Field management apps for tablet use on jobsites are all the rage in the construction industry these days—with good reason.
Tablets are rapidly replacing clipboards to become the device of choice for project managers who value their efficiency in documenting project issues, new research shows.
Now Aconex, a provider of project management software for some of the biggest firms in engineering and construction, is jumping into the market fray with its own app for inspectors, Aconex Field.
Leigh Jasper, CEO of the Australian company with U.S. operations based in San Bruno, Calif., says the app addresses the pain points of building inspection, correction, re-inspection and closure. "It's a tool for the entire project and every company that touches processes or issues" on that project, he adds.
"One of the things we've done is build an app for construction guys—the ones with big hands and fat fingers who expect the touch-screen features of a tablet to be simple," Jasper says. "We're making [data entry] super easy so that anyone can pick this up and use it without any training."
The app offers features that field users expect, such as attaching marked-up photos to reports and assigning issues to relevant subcontractors on a project. It also tags issues with assignments, due dates and closure prompts. The app works when the user is offline and syncs up with the users' back office when a network connection is restored.

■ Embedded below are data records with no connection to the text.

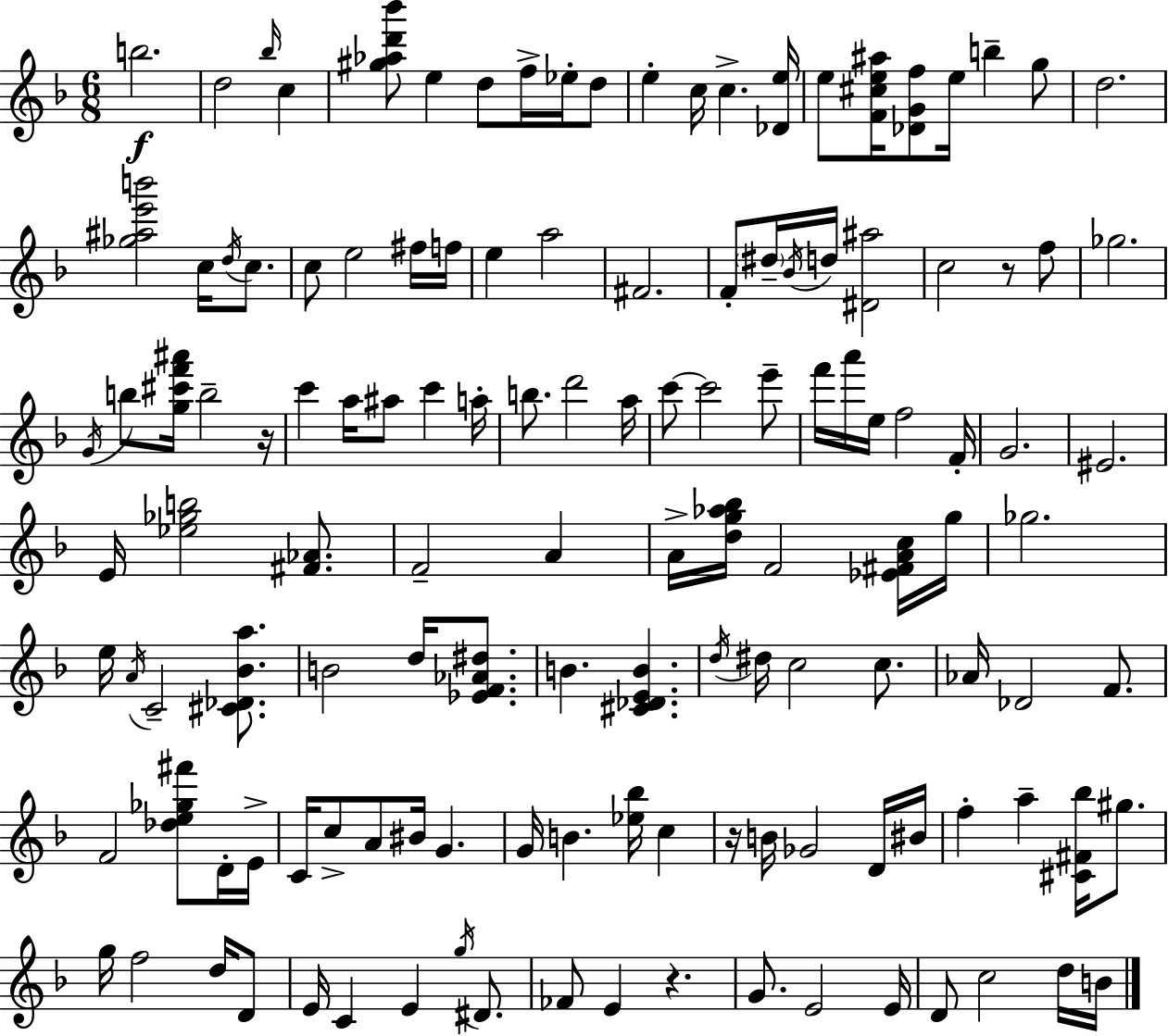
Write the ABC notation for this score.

X:1
T:Untitled
M:6/8
L:1/4
K:F
b2 d2 _b/4 c [^g_ad'_b']/2 e d/2 f/4 _e/4 d/2 e c/4 c [_De]/4 e/2 [F^ce^a]/4 [_DGf]/2 e/4 b g/2 d2 [_g^ae'b']2 c/4 d/4 c/2 c/2 e2 ^f/4 f/4 e a2 ^F2 F/2 ^d/4 _B/4 d/4 [^D^a]2 c2 z/2 f/2 _g2 G/4 b/2 [g^c'f'^a']/4 b2 z/4 c' a/4 ^a/2 c' a/4 b/2 d'2 a/4 c'/2 c'2 e'/2 f'/4 a'/4 e/4 f2 F/4 G2 ^E2 E/4 [_e_gb]2 [^F_A]/2 F2 A A/4 [dg_a_b]/4 F2 [_E^FAc]/4 g/4 _g2 e/4 A/4 C2 [^C_D_Ba]/2 B2 d/4 [_EF_A^d]/2 B [^C_DEB] d/4 ^d/4 c2 c/2 _A/4 _D2 F/2 F2 [_de_g^f']/2 D/4 E/4 C/4 c/2 A/2 ^B/4 G G/4 B [_e_b]/4 c z/4 B/4 _G2 D/4 ^B/4 f a [^C^F_b]/4 ^g/2 g/4 f2 d/4 D/2 E/4 C E g/4 ^D/2 _F/2 E z G/2 E2 E/4 D/2 c2 d/4 B/4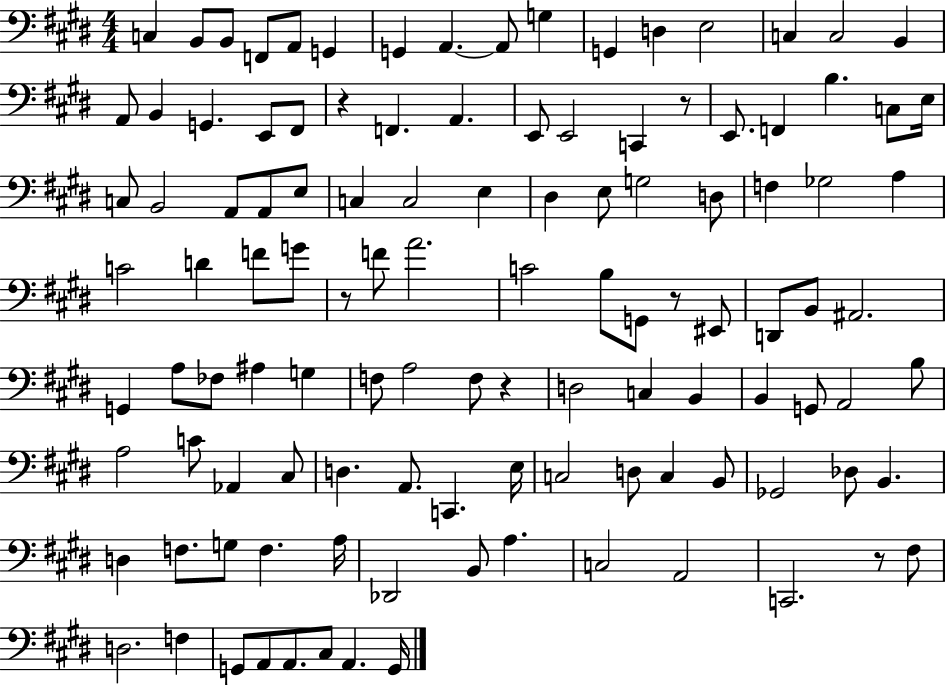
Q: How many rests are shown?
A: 6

Plus, it scans quick-response codes that increasingly are used to identify inspection locations.
If these features sound a lot like apps many project managers already are using, such as Vela Systems (now owned by Autodesk), Jasper says there's a difference.
Aconex is using application programming interfaces (APIs) to pass field data into its customers' back-end project management systems with increasing granularity. "We have built an integrated suite [of mobile field products] that also handle document control, correspondence management, task management, workflows and now field apps," Jasper says.
The ability to integrate jobsite data with a firm's back- office Enterprise Resource Planning (ERP) system is becoming a key differentiator among a growing list of field app providers—such as Meridian Systems' Prolog—again with good reason.
According to research by ENR's parent, McGraw-Hill Construction, 97% of general contractors use some kind of mobile device on jobsites, mostly smartphones.
However, tablet use is accelerating: In MHC's research, 62% of large general contracting firms surveyed expect to use iPads on jobs by 2015.